Note from dshort: This update includes the Q4 Third Estimate of GDP and the alternate version with the First Estimate of the Q4 GNP divisor.

Market Cap to GDP is a long-term valuation indicator that has become popular in recent years, thanks to Warren Buffett. Back in 2001 he remarked in a Fortune Magazine interview that "it is probably the best single measure of where valuations stand at any given moment."

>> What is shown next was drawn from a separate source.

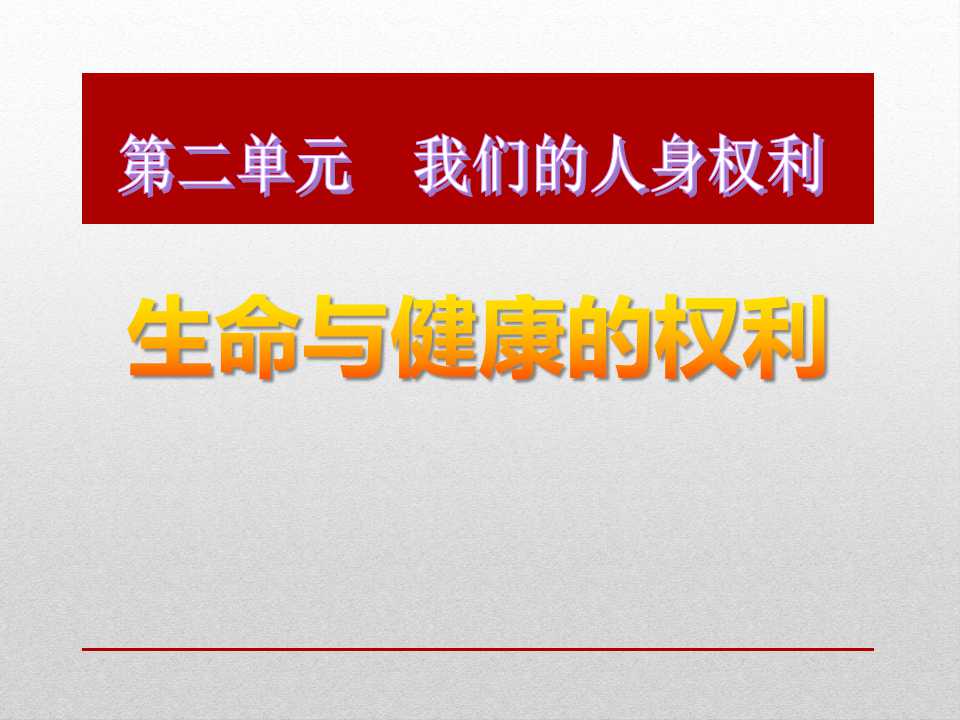 《生命和健康的权利》生命健康权与我同在PPT课件5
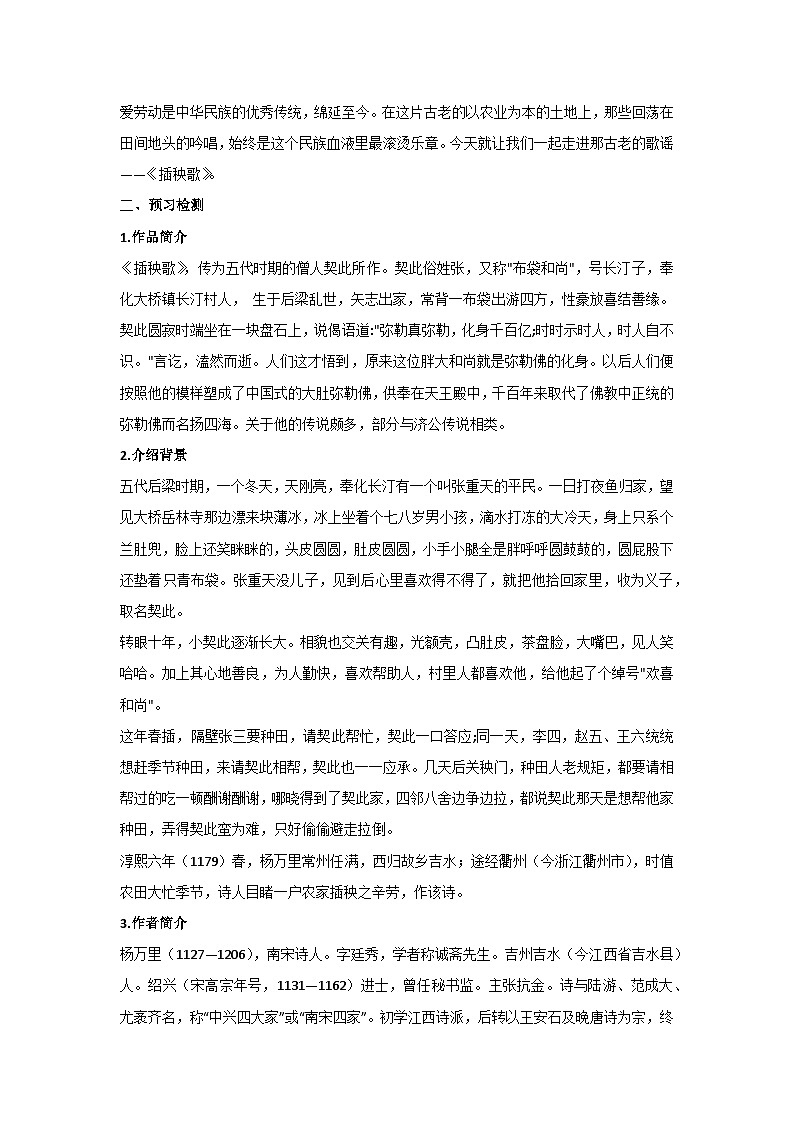 6《插秧歌》核心素养教学设计2024-2025学年统编版高中语文必修上册第2页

The four valuation indicators I track in my monthly valuation overview offer a long-term perspective of well over a century. The raw data for the "Buffett indicator" only goes back as far as the middle of the 20th century. Quarterly GDP dates from 1947, and the Fed's B.102 Balance sheet has quarterly updates beginning in Q4 1951. With an acknowledgement of this abbreviated timeframe, let's take a look at the plain vanilla quarterly ratio with no effort to interpolate monthly data.

The strange numerator in the chart title, Q Ratio valuation indicator.

The Latest Data

I've now updated the GDP denominator with the BEA's Q4 Third Estimate. The numerator is from the Fed's Z.1 Financial Accounts. The indicator remains over 2 standard deviations above its mean at an interim high of 127.4%. The bigger news will be our first look at the Q1 2015 GDP data on April 29th.